Do you have an attic on this structure? With micro inverters you could put a j-box at the roof / attic connection point, then inside the attic, while the temps may still be high, they are not subject to the derate rules about conduit on rooftops so you can drop to an appropriate wire size based on the attic ambient, and you can also use romex if allowed in your area, since you have ac power after the micro inverters. Then from the attic , convert again to thwn and bring it down the exterior of the wall in conduit to the disco. Without calculating this my swag will still have you using #10 all the way if you do it this way. swag.


----------



## sunpower (Jul 15, 2011)

No attic, can't use romex . But love the idea about switching wire size once indoors. Thanks.


----------



## Dennis Alwon (May 9, 2009)

I would like to know how you will get 22 #6 thwn-2 wires in a 1" EMT?


----------



## sunpower (Jul 15, 2011)

Typo sorry.

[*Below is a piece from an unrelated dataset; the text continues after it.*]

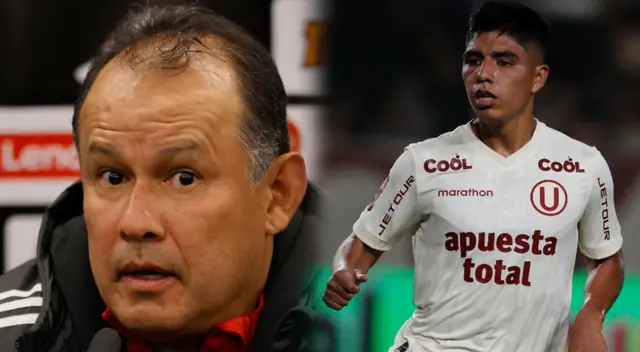 Juan Reynoso halagó el presente de Piero Quispe con Universitario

Two inch


----------



## Dennis Alwon (May 9, 2009)

sorry .......... calc was incorrect


----------



## sunpower (Jul 15, 2011)

Ok. Not sorry


----------



## Wirenuting (Sep 12, 2010)

Dennis Alwon said:


> sorry ..........


LoL, I thought that also, then figured he ment 22 #14's. That gave him a 27% fill.


----------



## Dennis Alwon (May 9, 2009)

Wirenuting said:


> LoL, I thought that also, then figured he ment 22 #14's. That gave him a 27% fill.


I mistakenly used the area of #6 thw-2 instead of #6 thwn-2. I didn't realize there was a thw-2


----------



## ilikepez (Mar 24, 2011)

Can you combine all the circuits together at a combiner box and then make the 100' run? At least that would save you from having to derate for conduit fill.


----------